A new class action lawsuit filed by U.S. school districts has resurfaced long-standing concerns about the impact of social media on youth mental health — and whether tech companies have been fully transparent about the risks.
The lawsuit, filed by law firm Motley Rice, accuses Meta and other platforms (including Google, TikTok, and Snapchat) of intentionally concealing internal findings showing that their products may negatively affect users’ psychological well-being.
At the center of the allegation is a Meta research initiative known as Project Mercury.
📁 What Was Project Mercury?
Project Mercury was an internal Meta study conducted with Nielsen to examine how users felt after “deactivating” Facebook and Instagram for one week.
According to internal documents referenced in the lawsuit:
- Users who paused Facebook for a week reported lower levels of depression, anxiety, loneliness, and social comparison.
These results were communicated privately among Meta staff, according to Reuters.
But instead of publishing them, Meta halted the project, arguing that the study had been influenced by negative media narratives.
🧪 Internal Reactions: “This is like the tobacco industry…”
The lawsuit claims that, internally, several Meta researchers:
- Validated the study’s findings, confirming that Facebook and Instagram can have a causal impact on negative social comparison.
- Expressed concern that hiding the results would mirror the behavior of industries that suppressed evidence of harm.
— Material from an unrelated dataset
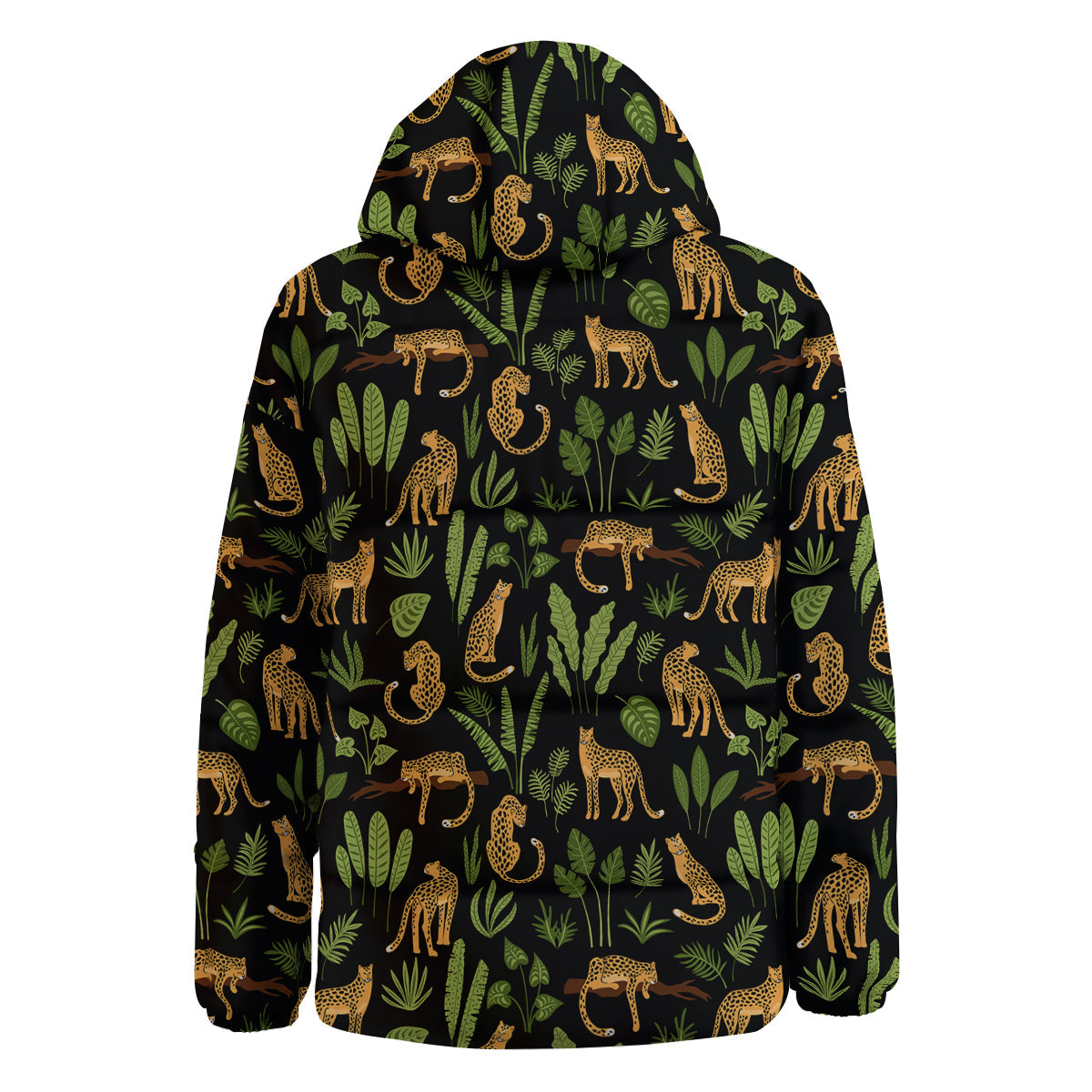 Jaguar Tropical Print Pattern Down Jacket-grizzshop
One staff member compared it to the tobacco industry “doing research, knowing cigarettes were bad, and then keeping that information to themselves.”
Another staffer reportedly reassured Nick Clegg, then Meta’s head of global public policy, that the findings were legitimate — despite the company’s public position.
🏛️ Meta’s Statements to Congress
The filing also alleges that Meta told Congress it could not quantify whether its products harm teenage girls, even though internal research allegedly showed a causal link to negative mental health impacts.
This discrepancy is a major focus of the legal complaint.
📣 Meta’s Response
Meta spokesperson Andy Stone denied the allegations, arguing that:
- The methodology used in Project Mercury was flawed.
- Meta has spent more than a decade listening to parents, researching youth well-being, and improving product safety.
- The lawsuit relies on “cherry-picked quotes and misinformed opinions.”
A hearing is scheduled for January 26.
⚠️ Additional Allegations Against Social Media Platforms
The lawsuit also accuses Meta and other companies of:
- Encouraging children under 13 to use their platforms
- Failing to adequately address child sexual abuse material
- Promoting the use of their apps among teens in school environments
- Attempting to pay child-focused organizations to publicly defend their product safety
These broader allegations reflect growing concerns about youth exposure to social media.
🧭 Final Thoughts
Whether the claims will be upheld in court remains to be seen.
But the lawsuit raises important questions:
- What responsibility do social media giants have to disclose internal research?
- Are these platforms doing enough to protect younger users?
- And how can families, schools, and policymakers navigate the mental-health risks associated with online platforms?
Regardless of the outcome, one thing is clear: transparency in tech is no longer optional — it’s essential.